Please check out the attached flyer. Great door prizes continue to come in and the last novelty shot for the grand prize will be progressive!! Take an easy shot for a guaranteed prize or step it up or out for bigger and better prizes. 10 shooters will be drawn to participate.  80 targets are in the shade and as always the Seringety range is in full sun!!  Plenty of water will be through out all the ranges. 

Two of the ranges will be stay open all afternoon for those that would like to shoot another round and Kevin Stephens will have yet another hateful IRON MAN set for our enjoyment.

Address to the shoot is 1405 B.C. Grant Road, Alto GA 30510 or State Highway 365 right behind the Hayes Dealerships.  Or call my dad 678-858-2437

Hope to see you all there!


----------



## brownitisdown (Aug 8, 2010)

Dennis said:


> If thats the one im thinking of there will be a couple of hundred people there and all the shots are long!

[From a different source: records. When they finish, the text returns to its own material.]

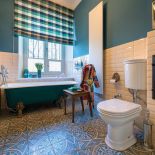 Właściciele tego niezwykłego mieszkania połączyli doświadczenie w projektowaniu wnętrz filmowych z miłością do antyków i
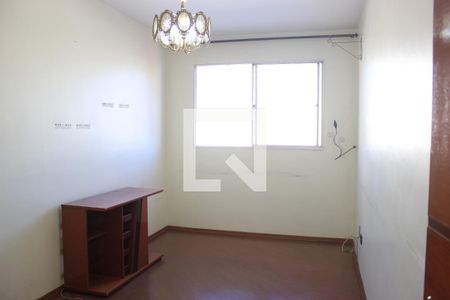 Sala de apartamento para alugar com 2 quartos, 70m² em Jardim Terezopolis, Guarulhos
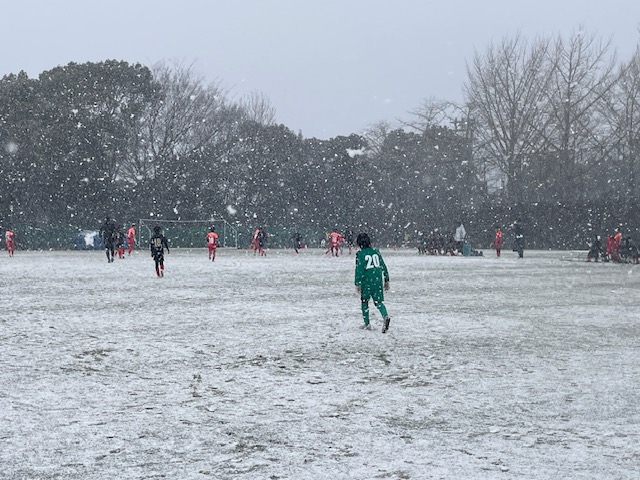 試合の様子　雪の降る中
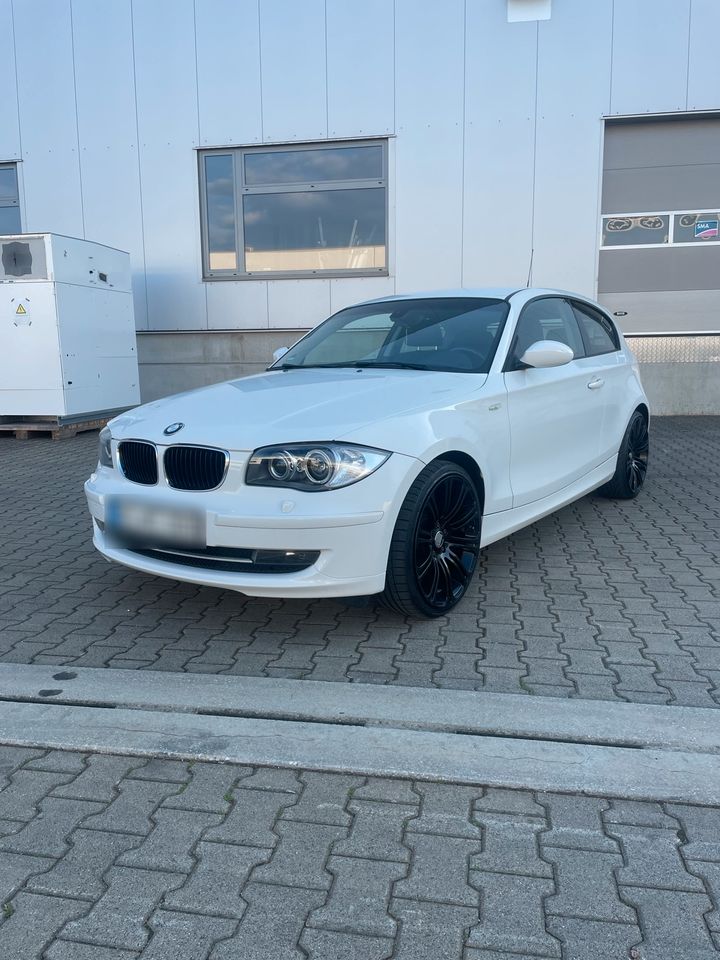 BMW 116 Facelift in Kassel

I might also have a club work day also.I will let you know



yes that it is a great shoot and great people that put it on


----------



## B.C. Girl (Aug 8, 2010)

Brown - you want to go through the ranges and look at the traditional shots to make sure they are not too long? We'll be out there all day Friday. Let me know.


----------



## brownitisdown (Aug 8, 2010)

no need to i have shoot all of the  shoots seen they started


----------



## B.C. Girl (Aug 12, 2010)

Just picked up a bunch of door -prizes from The Fox Hole and The Sports Shop. We're expecting 700+ shooters like last year. 

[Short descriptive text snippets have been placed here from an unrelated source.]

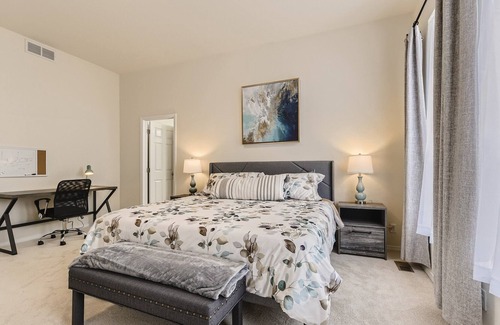 Parker House | New 4BR/3BA House in Parker
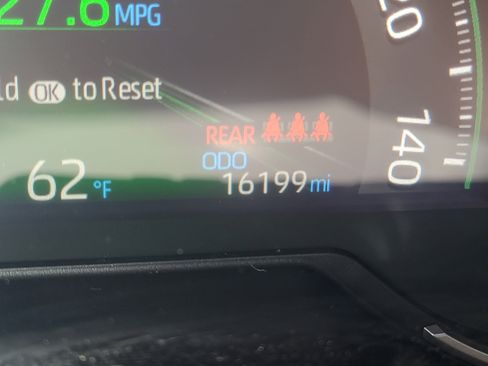 Certified 2023 Toyota RAV4 LE AWD/4WD image 23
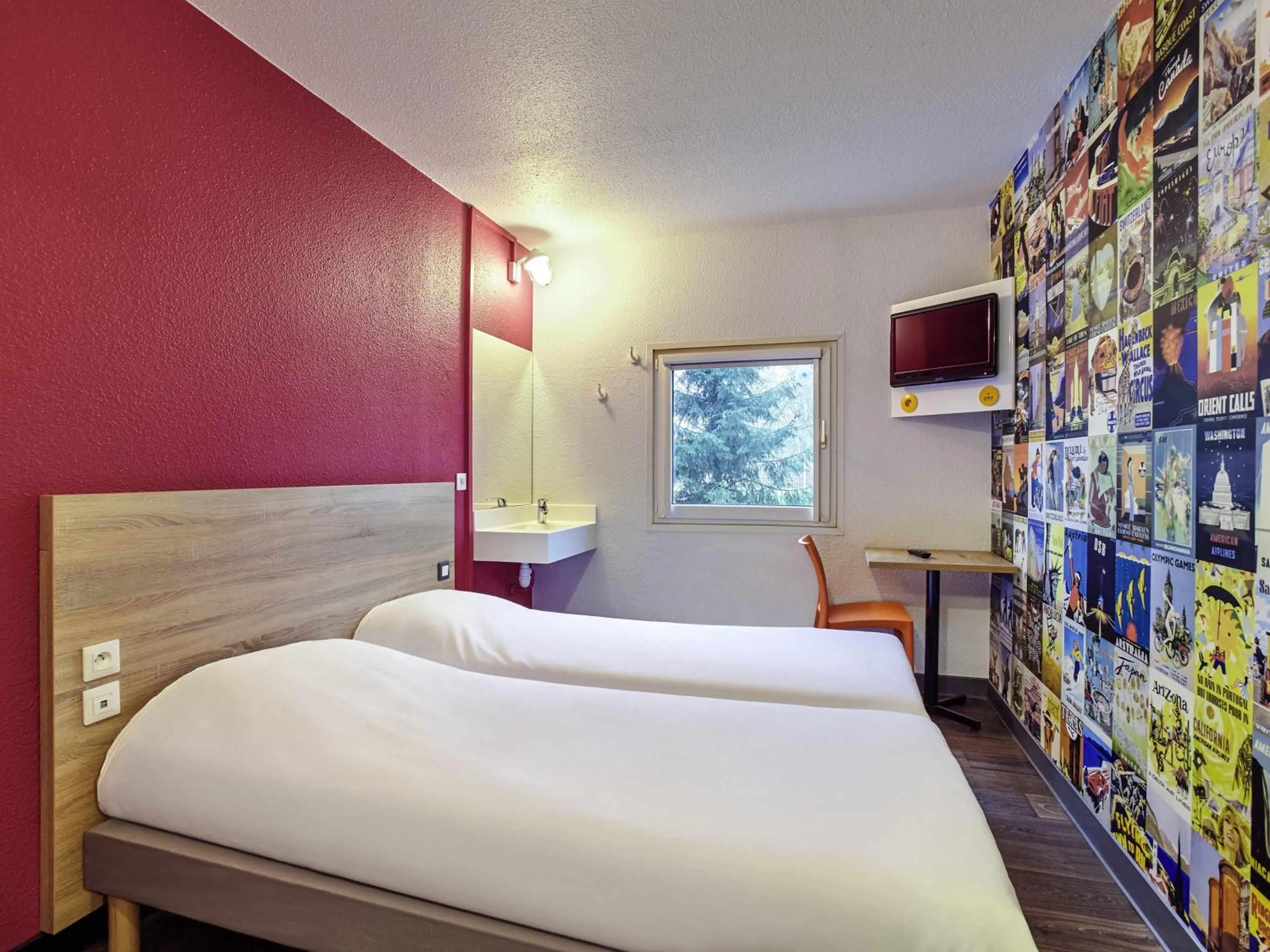 Bedroom, Bed in hotelF1 Paris Saint Denis Stade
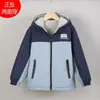Chaqueta de Forro Polar Reversible para Niños Otoño e Invierno Estilo Nuevo 2026 Cortavientos Infantil Top para Primavera y Otoño para Niños Medianos y Grandes Ropa Reversible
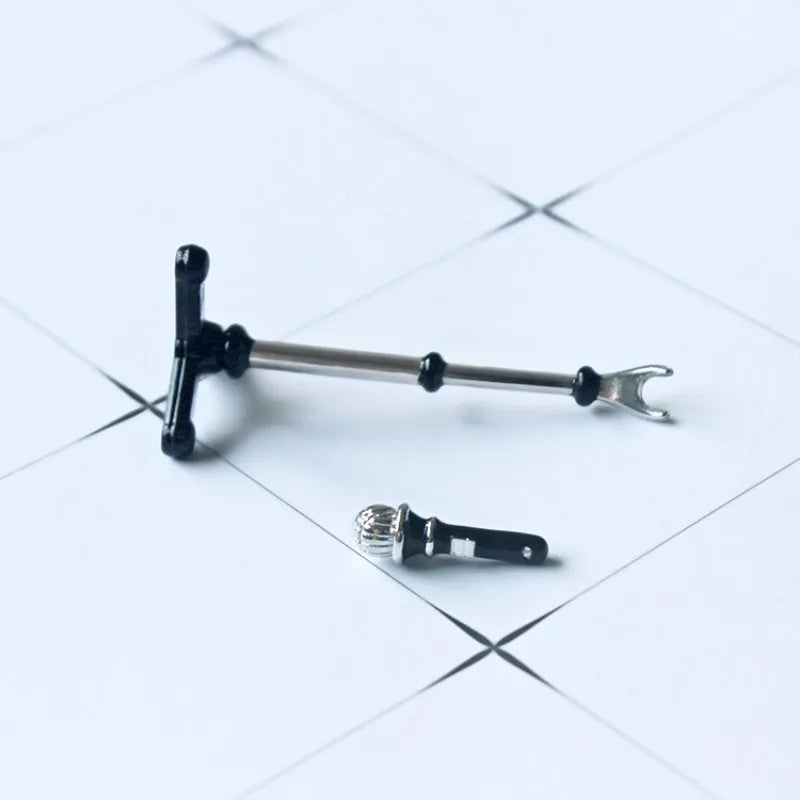 1 piece of creative simulation miniature short microphone, dollhouse accessory, miniature model toy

Any shop(s) wishing to donate door prizes get in touch with us and we'll say nothing but great things about you. If you can't do door prizes, e-mail your info to us anyway and we'll share any sales, events or promotions you have coming up!

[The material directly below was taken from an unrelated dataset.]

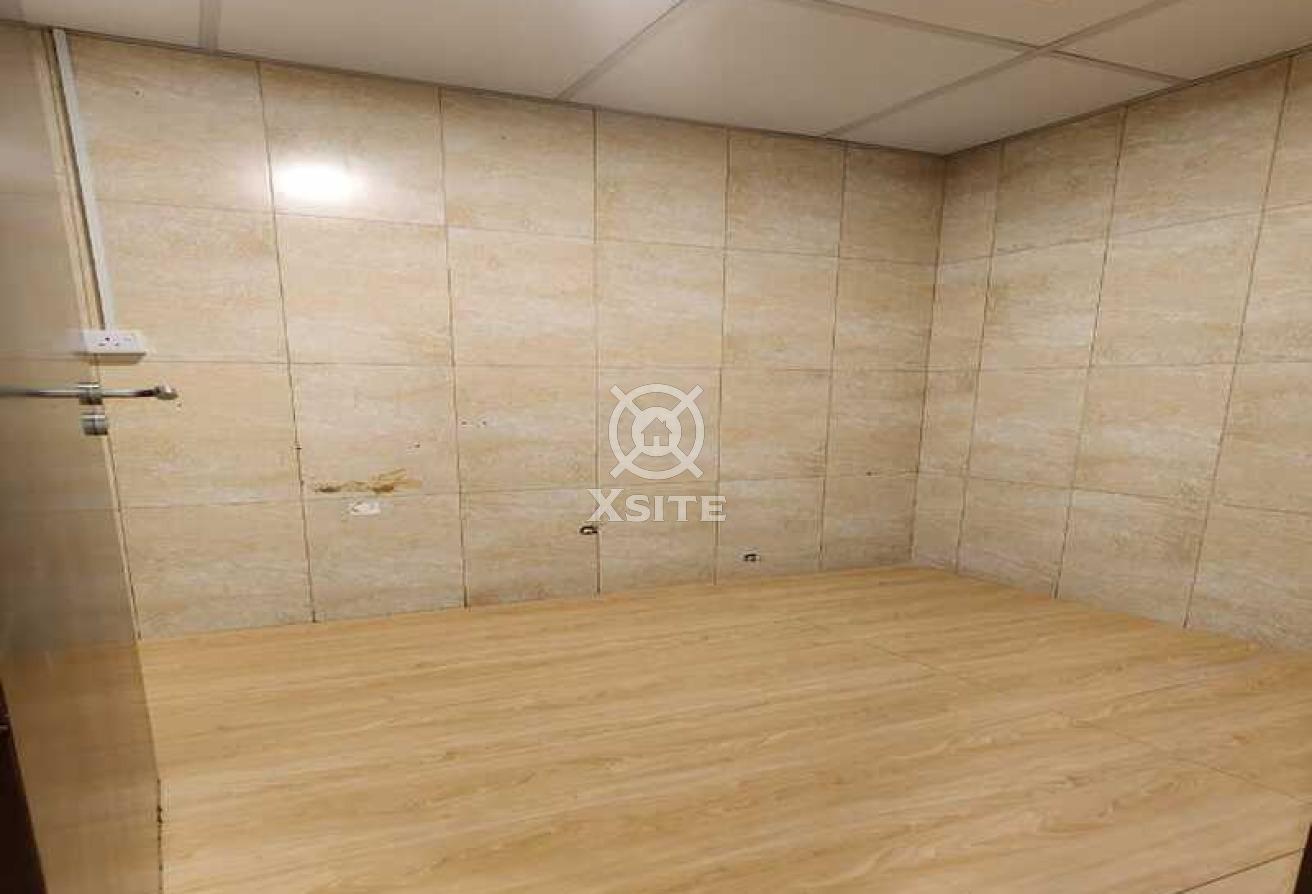 Unfurnished 2 BR+Store |Spacious| Prime Location photo 9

We look forward to seeing everyone!


----------



## p&y finally (Aug 12, 2010)

Great shoot! 
We'll be there.


----------



## frdstang90 (Aug 13, 2010)

What are plans for tomorrow if it rains?


----------



## northgeorgiasportsman (Aug 13, 2010)

Eric, go ahead and put some Rain-X on your lenses.


----------



## brownitisdown (Aug 13, 2010)

northgeorgiasportsman said:


> Eric, go ahead and put some Rain-X on your lenses.



that why you need to shoot traditional just point and shoot


----------



## james hyde (Aug 14, 2010)

A big thank you to all the BC Grant members, great job again! Rev Stone brought it big time. We had a big time visiting with you all today, it is always like a homecoming. Congratulations to all the winners, some fine scores were turned in overall, 'ol Stuffer did us proud on the long shot. Boy howdy, that was a demented individual who set up the Iron man, good job!


----------



## frdstang90 (Aug 14, 2010)

I had a great time.  Awsome message and great shoot.


----------



## chiefsquirrel83 (Aug 15, 2010)

Great Message, Great Shoot, Great Weather, Great Fellowship! Could not have asked for better!


----------



## brownitisdown (Aug 15, 2010)

it was a qreat shoot as it has always been looking forward to next year


----------



## stuffer (Aug 15, 2010)

just wanted to let yall know we really enjoy shooting up there with yall the speaker really brought it as always also liked the long shot, that was the best shot I made all day thanks for evarything yall do to get the word out


----------



## oldgeez (Aug 18, 2010)

congrats stuffer, you da man.  i can bearly see that target..and you shoot a fixed pin sight????


----------



## pinkdanielle :] (Sep 7, 2010)

I went to this shoot. Loved it! Shot 4 up :]


----------